The initial suspicion on the disappearance of MH370 was related to two passengers using false passports. This indicated a possible hijacking. The turn flight MH370 made over the South China Sea and around Indonesian territory appeared to support this deliberate act. News breaking out that the co-pilot Fariq Abdul Hamid had allowed passengers into the cockpit during a previous flight also made this theory appear plausible.

The phone call Fariq was reported to have tried to make over Penang even adds more weight to the MH370 disappearance being a deliberate act. However upon investigation of all the passengers and crew, no links to terrorism was ever made with anybody on the flight. This only exposed a lapse in security as the two passports of the passengers involved where actually on the Interpol database, but not checked by Malaysian Immigration.

This doesn’t count out a disturbed member of the crew having a ‘death-wish’ and using the flight to commit suicide. The captain could have locked the co-pilot out of the cockpit and proceeded down to the Southern Indian Ocean and take the whole plane to a deep ocean grave. This scenario happened on a Silk Air flight some years ago where the captain lost his savings on the stock-market and committed suicide, and with Egypt Air flight 990 where the co-pilot committed suicide by diving the plane straight into the sea.

The latest explanation by the Australian Transport Safety Bureau (ATAC) suggests a power failure, which probably disabled avionic systems where the plane would have flown on auto-pilot until fuel was exhausted, where it would turn into a spiral nose dive going straight into the Southern Indian Ocean. The rebooting of the ACARS system which transmits engine data to the ground suggests a power failure. The lithium batteries in the cargo hold could have been a source of that fire which disabled electronic systems, vital to control and manage a sophisticated aircraft like a Boeing 777. Lithium batteries have caused fires on aircraft before. This is what happened to a South African Airways flight in 1987.

The crew and passengers may have been disabled through hypoxia, where the plane flew on autopilot. This could have been a similar scenario to the Helios Airlines Flight 522 crash in 2005, where two jets were scrambled and the pilots saw all the passengers incapacitated, when the flight eventually crashed after it ran out of fuel.
However this explanation doesn’t explain the apparent deliberate flight around Aceh, where MH370 avoided Indonesian radar. This would have to be a carefully planned part of the flight. This scenario points to a purposeful act, and MH370 could have been a hijacking gone wrong, something like Ethiopia Airways Flight 961, where the plane ran out of fuel and crashed into the sea in 1996.

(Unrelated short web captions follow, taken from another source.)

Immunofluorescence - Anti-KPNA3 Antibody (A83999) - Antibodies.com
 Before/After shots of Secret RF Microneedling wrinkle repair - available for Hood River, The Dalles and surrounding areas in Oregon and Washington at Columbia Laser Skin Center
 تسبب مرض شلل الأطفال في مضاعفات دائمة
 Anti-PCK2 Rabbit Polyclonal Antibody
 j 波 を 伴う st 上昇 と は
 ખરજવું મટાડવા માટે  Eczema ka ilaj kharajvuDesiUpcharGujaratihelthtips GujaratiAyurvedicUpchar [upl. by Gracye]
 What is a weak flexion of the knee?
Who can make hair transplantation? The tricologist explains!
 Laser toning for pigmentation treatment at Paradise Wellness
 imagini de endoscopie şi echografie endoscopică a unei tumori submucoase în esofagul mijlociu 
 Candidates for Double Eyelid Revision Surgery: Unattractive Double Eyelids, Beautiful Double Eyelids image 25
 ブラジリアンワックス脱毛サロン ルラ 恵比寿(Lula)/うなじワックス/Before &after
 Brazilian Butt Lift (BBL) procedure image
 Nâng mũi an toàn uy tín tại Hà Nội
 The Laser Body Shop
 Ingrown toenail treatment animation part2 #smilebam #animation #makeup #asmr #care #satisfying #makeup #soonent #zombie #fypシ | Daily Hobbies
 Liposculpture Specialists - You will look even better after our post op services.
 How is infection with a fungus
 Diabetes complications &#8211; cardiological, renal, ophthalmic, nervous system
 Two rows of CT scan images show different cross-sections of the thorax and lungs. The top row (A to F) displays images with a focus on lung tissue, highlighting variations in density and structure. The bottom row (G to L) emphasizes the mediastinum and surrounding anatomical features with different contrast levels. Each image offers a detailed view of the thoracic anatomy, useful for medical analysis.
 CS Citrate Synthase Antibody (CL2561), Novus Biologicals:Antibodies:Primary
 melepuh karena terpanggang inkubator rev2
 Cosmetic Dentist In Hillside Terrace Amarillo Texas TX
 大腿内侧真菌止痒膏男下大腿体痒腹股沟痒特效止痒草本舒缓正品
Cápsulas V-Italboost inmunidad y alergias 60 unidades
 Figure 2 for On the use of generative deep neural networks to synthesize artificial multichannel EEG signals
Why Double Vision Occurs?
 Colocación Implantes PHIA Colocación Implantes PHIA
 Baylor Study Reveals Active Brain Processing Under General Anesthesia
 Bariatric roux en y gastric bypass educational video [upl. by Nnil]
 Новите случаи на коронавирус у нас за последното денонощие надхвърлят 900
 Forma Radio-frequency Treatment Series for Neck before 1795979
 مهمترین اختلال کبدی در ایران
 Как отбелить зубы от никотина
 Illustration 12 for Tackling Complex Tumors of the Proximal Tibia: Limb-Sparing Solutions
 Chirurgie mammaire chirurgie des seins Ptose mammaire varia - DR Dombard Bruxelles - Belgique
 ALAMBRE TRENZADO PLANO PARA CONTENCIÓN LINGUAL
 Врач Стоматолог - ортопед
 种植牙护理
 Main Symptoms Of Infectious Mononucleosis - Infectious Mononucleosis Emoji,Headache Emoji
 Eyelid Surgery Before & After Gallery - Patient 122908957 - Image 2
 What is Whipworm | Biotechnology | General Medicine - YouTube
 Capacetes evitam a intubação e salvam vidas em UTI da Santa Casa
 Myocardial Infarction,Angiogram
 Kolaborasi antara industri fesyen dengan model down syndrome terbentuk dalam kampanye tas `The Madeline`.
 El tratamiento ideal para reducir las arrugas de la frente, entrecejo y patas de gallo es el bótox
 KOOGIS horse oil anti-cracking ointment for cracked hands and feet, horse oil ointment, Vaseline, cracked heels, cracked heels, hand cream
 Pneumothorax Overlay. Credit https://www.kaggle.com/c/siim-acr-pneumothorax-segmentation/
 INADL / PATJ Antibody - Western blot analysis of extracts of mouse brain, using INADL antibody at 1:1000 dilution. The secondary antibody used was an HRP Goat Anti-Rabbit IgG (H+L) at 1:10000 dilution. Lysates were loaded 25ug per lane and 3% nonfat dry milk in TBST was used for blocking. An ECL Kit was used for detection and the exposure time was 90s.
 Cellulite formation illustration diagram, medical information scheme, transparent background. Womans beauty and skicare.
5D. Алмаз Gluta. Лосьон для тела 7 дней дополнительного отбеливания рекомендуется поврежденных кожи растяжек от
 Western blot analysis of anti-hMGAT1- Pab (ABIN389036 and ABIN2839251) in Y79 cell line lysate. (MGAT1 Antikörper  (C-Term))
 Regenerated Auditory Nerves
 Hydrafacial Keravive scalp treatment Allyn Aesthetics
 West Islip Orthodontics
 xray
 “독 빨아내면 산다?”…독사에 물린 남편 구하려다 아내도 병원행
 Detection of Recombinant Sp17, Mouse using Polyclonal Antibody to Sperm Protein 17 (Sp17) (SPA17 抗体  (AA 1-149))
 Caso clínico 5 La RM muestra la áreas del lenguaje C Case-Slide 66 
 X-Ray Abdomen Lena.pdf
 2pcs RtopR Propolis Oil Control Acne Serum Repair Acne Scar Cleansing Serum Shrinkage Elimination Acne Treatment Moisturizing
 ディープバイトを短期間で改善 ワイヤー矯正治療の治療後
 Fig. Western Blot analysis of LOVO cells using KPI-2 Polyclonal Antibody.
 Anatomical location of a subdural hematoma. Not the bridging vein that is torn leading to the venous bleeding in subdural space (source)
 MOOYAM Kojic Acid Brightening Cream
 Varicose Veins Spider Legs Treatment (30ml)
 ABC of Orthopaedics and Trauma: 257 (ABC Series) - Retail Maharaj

Although it was confirmed pieces of wreckage washed up on Reunion Island where part of MH370, what happened and the whereabouts of the fuselage and remains of the passengers and crew still remain a mystery. The Australian Transport Safety Bureau’s Chief Commissioner Martin Dolan said that the search effort will now have to retrace some previously searched locations due to the complexity of the ocean surface and possibility the wreckage may have been missed. The search has been extremely hazardous resulting in a loss of the deep water sonar which hit an underwater volcano and sank to the bottom of the ocean a few weeks ago.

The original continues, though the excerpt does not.